> [Problem to work on]:
All lines of the records below that contain the word "Court" must be listed.

-- Opening Marker --

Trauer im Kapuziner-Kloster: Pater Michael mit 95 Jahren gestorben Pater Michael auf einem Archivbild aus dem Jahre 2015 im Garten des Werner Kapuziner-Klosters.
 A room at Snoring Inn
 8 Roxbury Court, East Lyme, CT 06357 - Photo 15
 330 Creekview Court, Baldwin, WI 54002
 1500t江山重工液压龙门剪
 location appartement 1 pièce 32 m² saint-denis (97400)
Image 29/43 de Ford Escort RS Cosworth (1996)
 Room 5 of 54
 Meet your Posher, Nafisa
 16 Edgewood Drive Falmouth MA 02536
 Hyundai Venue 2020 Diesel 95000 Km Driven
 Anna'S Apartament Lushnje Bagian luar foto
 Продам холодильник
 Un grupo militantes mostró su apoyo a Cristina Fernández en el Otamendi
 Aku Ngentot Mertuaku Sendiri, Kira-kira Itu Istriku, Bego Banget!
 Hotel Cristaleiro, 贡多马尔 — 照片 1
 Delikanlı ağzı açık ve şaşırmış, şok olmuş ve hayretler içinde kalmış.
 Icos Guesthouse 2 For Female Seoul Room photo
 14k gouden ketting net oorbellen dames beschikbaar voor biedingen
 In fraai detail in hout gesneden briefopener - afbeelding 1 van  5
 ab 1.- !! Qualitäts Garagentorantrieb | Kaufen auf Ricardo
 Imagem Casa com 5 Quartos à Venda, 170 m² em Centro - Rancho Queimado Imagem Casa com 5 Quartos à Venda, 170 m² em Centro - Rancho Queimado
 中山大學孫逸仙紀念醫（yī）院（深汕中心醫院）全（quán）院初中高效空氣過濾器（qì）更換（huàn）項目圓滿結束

-- Closing Marker --

> [Solution to the exercise]:
 8 Roxbury Court, East Lyme, CT 06357 - Photo 15
 330 Creekview Court, Baldwin, WI 54002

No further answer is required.